Oeganda: verzoek om internationale bescherming op basis van seksuele oriëntatie

Verzoekster is van Oegandese nationaliteit en baseert haar volgend verzoek om internationale bescherming uitsluitend op haar seksuele oriëntatie. De Raad brengt de rechtspraak van het Hof van Justitie en de richtlijnen van het EUAA en het UNHCR in herinnering. Omwille van verzoeksters psychologische problemen, die ook tijdens de interviews op het commissariaat-generaal aan de oppervlakte kwamen, rijzen er ernstige twijfels rijzen over haar vermogen om heldere en consistente verklaringen af te leggen over haar seksuele gerichtheid. Het wordt ook niet betwist dat verzoekster in het verleden non was in een klooster in Oeganda waardoor niet kan worden uitgesloten dat zij omwille van het stigma en het taboe zeer terughoudend was om haar seksuele geaardheid in het kader van haar eerdere verzoek om internationale bescherming ter sprake te brengen.

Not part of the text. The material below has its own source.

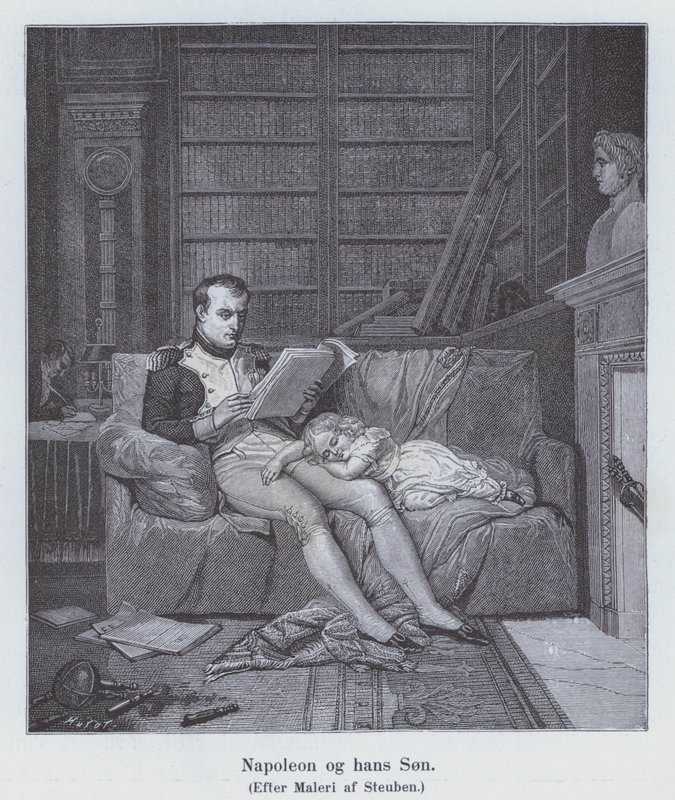 Napoleão I e seu filho (litho) de Charles Auguste Steuben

De Raad besluit dat de commissaris-generaal niet zorgvuldig te werk ging omdat bij het onderzoek en beoordeling van de geloofwaardigheid van haar relaas en de voorgehouden seksuele oriëntatie niet afdoende rekening werd gehouden met de psychologische en medische problemen zoals die blijken uit de door haar neergelegde documenten en verklaringen. Bijkomend merkt de Raad op dat de commissaris-generaal zich inzake de context voor LGBTQIA+-personen in Oeganda quasi uitsluitend baseert op Wikipedia-artikels, wat volgens de door de EUAA gehanteerde COI-methodologie als een dubieuze bron moet worden bestempeld. Bijgevolg ontbreekt het de Raad aan essentiële elementen om te komen tot de in artikel 39/2, § 1, tweede lid, 1° van de vreemdelingenwet bedoelde bevestiging of hervorming zonder aanvullend onderzoek. De Raad vernietigt dan ook de bestreden beslissing (RvV 29 augustus 2024, nr. 312 113).